• [Work request] Copy out exactly the lines below that run from the one holding "Return of the" to the one holding "调压器TDGC2-2KW1K", keeping both of those lines and no others.

(Study material)

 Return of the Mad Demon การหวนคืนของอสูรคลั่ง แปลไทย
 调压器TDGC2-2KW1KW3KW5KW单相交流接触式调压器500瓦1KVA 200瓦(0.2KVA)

(End Study material)
(Study material)

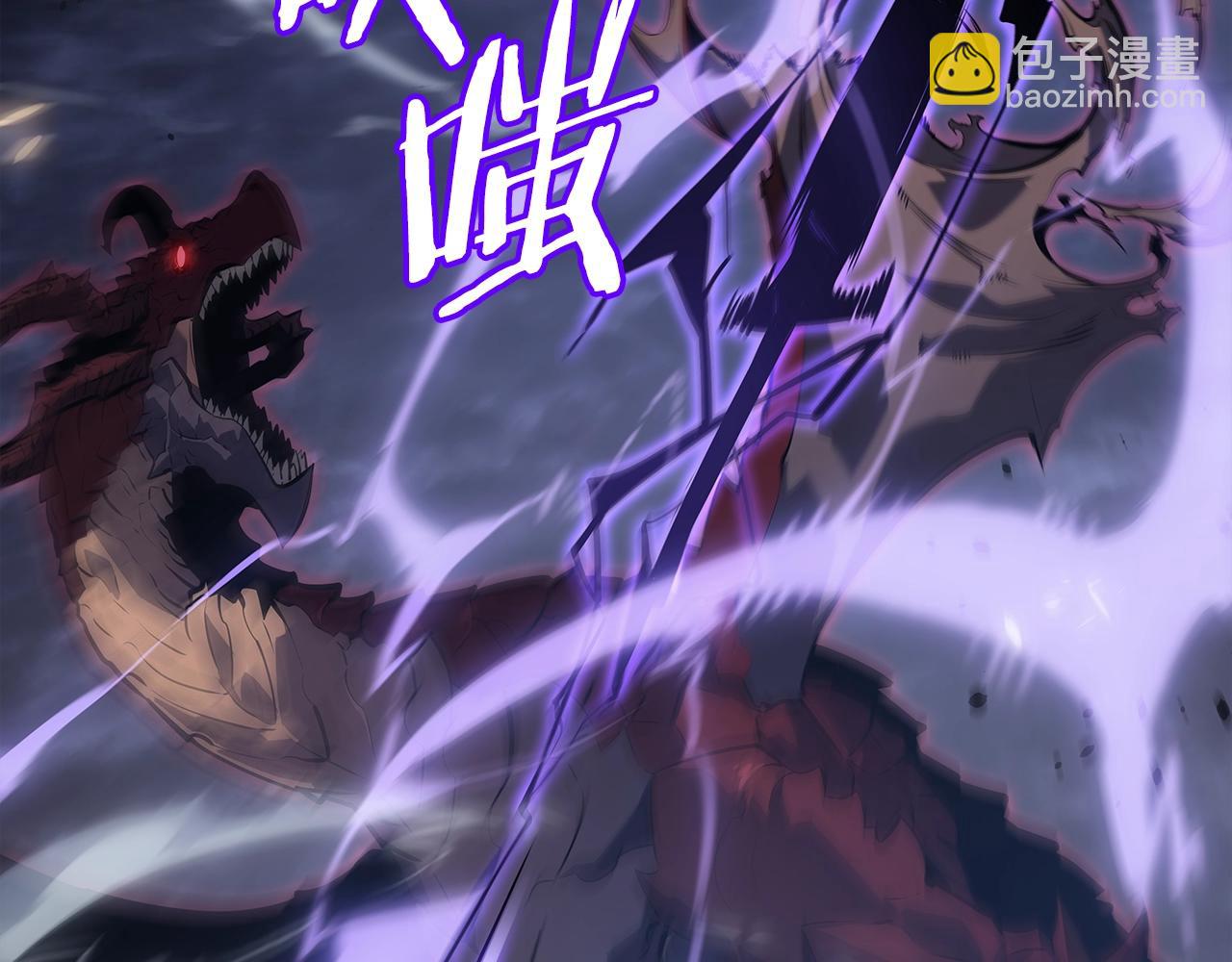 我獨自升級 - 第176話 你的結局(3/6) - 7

(End Study material)
(Study material)

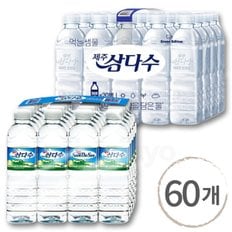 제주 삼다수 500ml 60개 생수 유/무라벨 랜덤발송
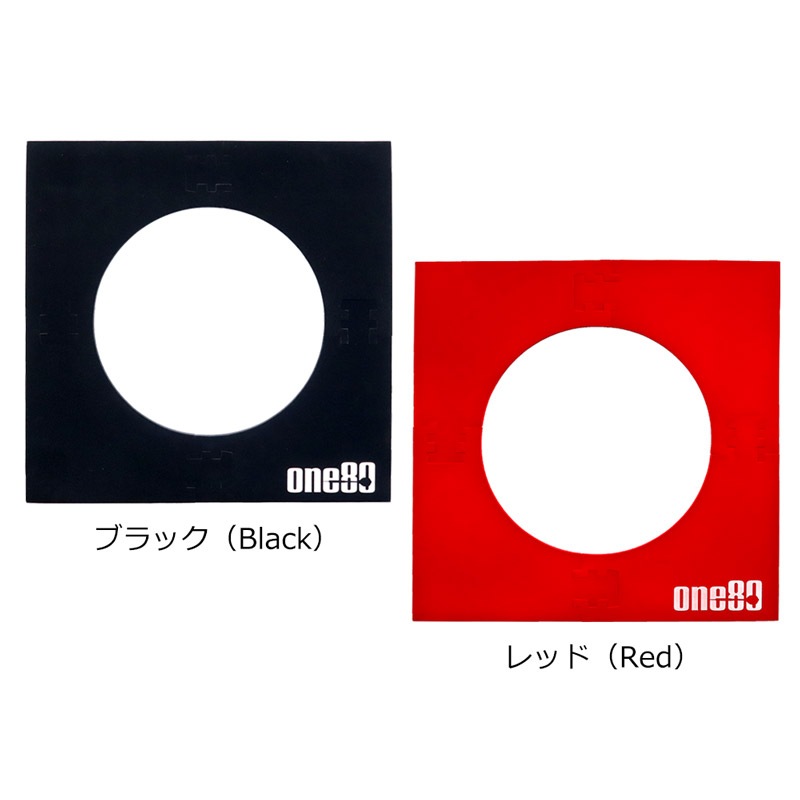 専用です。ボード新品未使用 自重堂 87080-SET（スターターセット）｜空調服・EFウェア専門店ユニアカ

(End Study material)

• [Finished exercise]
 Return of the Mad Demon การหวนคืนของอสูรคลั่ง แปลไทย
 调压器TDGC2-2KW1KW3KW5KW单相交流接触式调压器500瓦1KVA 200瓦(0.2KVA)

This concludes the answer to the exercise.